Gatton, dead just six years later after a difficult period on a major label, must have perfectly understood the sentiment. In fact, there is much to suggest that an ongoing collaboration with Erwin might have been good for both. They share a penchant for melding styles, and a sympathetic world view.

Later, Erwin sings: “The girl I adore on that distant shore leaves a hole where my heart should be. I have had enough adventure; that’s not what I dream of. All that I want for Christmas is an uncomplicated love.” Gatton, who encircles the lyric with a reverb-drenched romanticism, seemed to similarly struggle with untangling life’s intricate distractions. Legendarily reluctant to tour, Gatton remained something of a local legend around southern Maryland, recording only a handful of solo albums to go with a series of sought-after sideman gigs like this one.

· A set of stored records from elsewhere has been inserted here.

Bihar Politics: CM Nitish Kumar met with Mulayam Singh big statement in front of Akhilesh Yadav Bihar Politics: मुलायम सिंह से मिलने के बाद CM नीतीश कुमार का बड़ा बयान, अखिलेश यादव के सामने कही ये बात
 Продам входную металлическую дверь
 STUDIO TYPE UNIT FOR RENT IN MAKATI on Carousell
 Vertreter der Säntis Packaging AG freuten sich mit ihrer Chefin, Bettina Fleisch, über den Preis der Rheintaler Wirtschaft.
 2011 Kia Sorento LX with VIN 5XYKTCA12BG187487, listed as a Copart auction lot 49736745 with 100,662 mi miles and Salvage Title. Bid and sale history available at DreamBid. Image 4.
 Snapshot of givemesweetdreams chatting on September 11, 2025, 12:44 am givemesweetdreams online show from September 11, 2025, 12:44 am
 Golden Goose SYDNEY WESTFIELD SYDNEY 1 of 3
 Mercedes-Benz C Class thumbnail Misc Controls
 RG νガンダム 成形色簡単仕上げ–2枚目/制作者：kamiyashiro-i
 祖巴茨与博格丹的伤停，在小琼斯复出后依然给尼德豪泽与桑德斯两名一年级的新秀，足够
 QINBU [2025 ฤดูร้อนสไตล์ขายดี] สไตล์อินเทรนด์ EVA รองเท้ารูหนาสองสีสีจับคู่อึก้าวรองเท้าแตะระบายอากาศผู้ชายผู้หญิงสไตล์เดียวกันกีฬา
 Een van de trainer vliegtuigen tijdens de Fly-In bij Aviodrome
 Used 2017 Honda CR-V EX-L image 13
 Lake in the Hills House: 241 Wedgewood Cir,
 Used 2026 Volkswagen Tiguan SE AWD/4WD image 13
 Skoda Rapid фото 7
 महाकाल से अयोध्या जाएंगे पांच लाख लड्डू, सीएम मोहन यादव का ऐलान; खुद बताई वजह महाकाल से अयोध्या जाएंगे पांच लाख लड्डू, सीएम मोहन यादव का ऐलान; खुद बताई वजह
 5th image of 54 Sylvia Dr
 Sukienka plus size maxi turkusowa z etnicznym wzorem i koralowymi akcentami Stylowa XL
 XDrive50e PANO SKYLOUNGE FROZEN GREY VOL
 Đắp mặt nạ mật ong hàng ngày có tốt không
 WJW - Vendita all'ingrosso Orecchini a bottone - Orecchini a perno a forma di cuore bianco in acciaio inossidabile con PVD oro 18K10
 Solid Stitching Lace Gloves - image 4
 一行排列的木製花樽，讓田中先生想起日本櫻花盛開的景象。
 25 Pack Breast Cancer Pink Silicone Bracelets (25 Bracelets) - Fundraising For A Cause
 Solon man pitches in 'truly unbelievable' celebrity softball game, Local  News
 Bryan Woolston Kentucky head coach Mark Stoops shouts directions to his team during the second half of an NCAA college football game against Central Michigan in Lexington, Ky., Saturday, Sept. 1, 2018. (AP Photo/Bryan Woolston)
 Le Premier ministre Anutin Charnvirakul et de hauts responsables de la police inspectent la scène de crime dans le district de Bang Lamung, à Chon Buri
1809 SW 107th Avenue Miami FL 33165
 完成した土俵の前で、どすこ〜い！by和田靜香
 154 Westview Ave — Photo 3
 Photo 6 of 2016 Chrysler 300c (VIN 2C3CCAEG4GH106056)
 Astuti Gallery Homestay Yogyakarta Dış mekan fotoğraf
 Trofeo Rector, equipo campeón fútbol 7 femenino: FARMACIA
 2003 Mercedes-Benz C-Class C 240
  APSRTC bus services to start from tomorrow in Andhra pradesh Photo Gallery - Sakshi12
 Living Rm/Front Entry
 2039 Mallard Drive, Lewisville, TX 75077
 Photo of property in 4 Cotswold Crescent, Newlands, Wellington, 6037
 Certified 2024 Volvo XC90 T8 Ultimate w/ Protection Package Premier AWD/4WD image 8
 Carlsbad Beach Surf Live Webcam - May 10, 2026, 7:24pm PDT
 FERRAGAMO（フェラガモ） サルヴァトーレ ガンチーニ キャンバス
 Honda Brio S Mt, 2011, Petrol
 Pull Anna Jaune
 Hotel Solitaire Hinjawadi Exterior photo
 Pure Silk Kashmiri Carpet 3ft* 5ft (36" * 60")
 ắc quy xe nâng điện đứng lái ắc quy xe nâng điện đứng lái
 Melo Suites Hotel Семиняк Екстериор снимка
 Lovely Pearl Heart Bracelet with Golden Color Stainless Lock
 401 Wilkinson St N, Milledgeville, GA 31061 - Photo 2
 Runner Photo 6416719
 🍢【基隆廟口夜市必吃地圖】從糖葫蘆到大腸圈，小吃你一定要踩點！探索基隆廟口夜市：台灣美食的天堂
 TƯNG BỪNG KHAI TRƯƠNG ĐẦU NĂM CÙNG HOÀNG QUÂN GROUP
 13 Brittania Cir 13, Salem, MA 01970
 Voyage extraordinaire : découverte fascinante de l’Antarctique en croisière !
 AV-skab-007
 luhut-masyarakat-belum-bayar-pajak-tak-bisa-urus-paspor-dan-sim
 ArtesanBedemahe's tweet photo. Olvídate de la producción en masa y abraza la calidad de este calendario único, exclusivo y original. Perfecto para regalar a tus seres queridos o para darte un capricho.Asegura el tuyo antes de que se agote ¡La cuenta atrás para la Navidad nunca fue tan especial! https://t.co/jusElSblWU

Erwin closes with “Born a Tourist,” which moves along like a dimly lit subway. There are periods of loud, clanging motion interrupted by a series of brief, illuminating stops. Erwin catches glimpses of the way things might have been, how they ought to be, but can’t quite achieve a vista.

There’s an irony to this twilight journey: “Sleeping on the last seat, on the last train going backward,” Erwin laments. Then Gatton picks up the storyline with an extended instrumental passage. Bassist John Previti, who played with Gatton for almost 20 years, and drummer Harold Howland quickly establish a propulsive foundation for a final display of musical scope and feeling.

In this dazzling moment on Was It Like This, Gatton seems so very alive. He just wanted to play the music, to be himself. Same with Erwin, who adds: “I came into this Earth in a Hawaiian shirt, and I’ll probably leave that way.”

The sad part is, together they could have left so very much more.